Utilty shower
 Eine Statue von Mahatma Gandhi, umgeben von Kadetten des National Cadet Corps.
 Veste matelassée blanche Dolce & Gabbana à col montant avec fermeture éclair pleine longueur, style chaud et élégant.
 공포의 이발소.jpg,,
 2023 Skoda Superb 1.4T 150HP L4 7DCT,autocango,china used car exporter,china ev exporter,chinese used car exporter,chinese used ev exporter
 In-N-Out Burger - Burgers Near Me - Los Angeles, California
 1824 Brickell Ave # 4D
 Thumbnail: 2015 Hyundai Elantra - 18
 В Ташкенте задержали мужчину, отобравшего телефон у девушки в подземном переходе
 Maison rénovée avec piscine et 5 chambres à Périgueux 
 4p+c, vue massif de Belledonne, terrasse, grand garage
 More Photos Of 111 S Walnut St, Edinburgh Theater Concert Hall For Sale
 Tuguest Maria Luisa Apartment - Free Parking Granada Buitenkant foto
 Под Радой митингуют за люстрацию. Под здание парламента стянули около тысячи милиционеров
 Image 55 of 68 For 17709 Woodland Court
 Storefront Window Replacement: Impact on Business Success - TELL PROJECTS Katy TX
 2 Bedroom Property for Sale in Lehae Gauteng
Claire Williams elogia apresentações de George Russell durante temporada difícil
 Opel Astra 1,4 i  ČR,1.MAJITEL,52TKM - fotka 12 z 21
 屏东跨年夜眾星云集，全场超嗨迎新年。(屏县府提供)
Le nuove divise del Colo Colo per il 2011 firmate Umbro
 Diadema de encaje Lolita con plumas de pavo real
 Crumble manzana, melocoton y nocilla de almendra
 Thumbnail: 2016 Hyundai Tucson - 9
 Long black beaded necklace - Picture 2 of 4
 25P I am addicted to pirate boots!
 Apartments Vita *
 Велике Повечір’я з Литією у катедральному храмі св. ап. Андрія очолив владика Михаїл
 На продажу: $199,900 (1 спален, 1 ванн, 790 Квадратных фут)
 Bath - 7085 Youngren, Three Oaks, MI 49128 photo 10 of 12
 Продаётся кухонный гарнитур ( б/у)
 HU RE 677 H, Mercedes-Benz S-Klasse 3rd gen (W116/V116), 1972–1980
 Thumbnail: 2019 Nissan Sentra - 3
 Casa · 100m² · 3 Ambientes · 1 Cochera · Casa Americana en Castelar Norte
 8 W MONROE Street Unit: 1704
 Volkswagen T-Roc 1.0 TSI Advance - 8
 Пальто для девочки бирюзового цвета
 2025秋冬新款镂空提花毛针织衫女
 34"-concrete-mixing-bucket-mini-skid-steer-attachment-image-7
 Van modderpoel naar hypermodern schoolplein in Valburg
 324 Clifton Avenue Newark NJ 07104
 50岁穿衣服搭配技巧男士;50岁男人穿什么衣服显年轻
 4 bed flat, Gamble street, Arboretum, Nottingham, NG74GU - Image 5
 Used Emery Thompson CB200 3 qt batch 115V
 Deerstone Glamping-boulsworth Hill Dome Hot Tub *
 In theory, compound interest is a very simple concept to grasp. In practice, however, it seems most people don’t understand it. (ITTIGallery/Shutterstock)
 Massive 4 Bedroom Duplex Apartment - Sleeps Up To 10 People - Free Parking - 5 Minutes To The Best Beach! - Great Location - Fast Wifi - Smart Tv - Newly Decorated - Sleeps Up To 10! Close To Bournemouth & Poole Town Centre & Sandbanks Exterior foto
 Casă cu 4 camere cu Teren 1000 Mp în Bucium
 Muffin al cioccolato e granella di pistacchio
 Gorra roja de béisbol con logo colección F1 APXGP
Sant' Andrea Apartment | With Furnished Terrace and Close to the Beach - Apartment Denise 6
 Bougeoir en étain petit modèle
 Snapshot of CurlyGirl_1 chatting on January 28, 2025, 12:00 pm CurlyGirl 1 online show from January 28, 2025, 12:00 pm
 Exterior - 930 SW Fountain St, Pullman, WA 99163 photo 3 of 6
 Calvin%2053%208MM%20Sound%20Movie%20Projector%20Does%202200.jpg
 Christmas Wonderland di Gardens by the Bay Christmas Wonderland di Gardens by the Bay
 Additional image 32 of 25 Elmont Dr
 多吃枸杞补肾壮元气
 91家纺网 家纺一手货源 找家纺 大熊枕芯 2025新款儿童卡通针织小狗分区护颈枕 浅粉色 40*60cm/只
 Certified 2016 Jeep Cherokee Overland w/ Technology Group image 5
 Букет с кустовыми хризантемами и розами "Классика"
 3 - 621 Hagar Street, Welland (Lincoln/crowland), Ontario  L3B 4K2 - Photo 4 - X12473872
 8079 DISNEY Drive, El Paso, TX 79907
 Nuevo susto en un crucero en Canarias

*EXERCISE GOAL*. Set down precisely the lines above between the line holding "Tuguest Maria Luisa" and the line holding "Apartments Vita *", inclusive, and nothing beyond them.

*ANSWER BOX*.
 Tuguest Maria Luisa Apartment - Free Parking Granada Buitenkant foto
 Под Радой митингуют за люстрацию. Под здание парламента стянули около тысячи милиционеров
 Image 55 of 68 For 17709 Woodland Court
 Storefront Window Replacement: Impact on Business Success - TELL PROJECTS Katy TX
 2 Bedroom Property for Sale in Lehae Gauteng
Claire Williams elogia apresentações de George Russell durante temporada difícil
 Opel Astra 1,4 i  ČR,1.MAJITEL,52TKM - fotka 12 z 21
 屏东跨年夜眾星云集，全场超嗨迎新年。(屏县府提供)
Le nuove divise del Colo Colo per il 2011 firmate Umbro
 Diadema de encaje Lolita con plumas de pavo real
 Crumble manzana, melocoton y nocilla de almendra
 Thumbnail: 2016 Hyundai Tucson - 9
 Long black beaded necklace - Picture 2 of 4
 25P I am addicted to pirate boots!
 Apartments Vita *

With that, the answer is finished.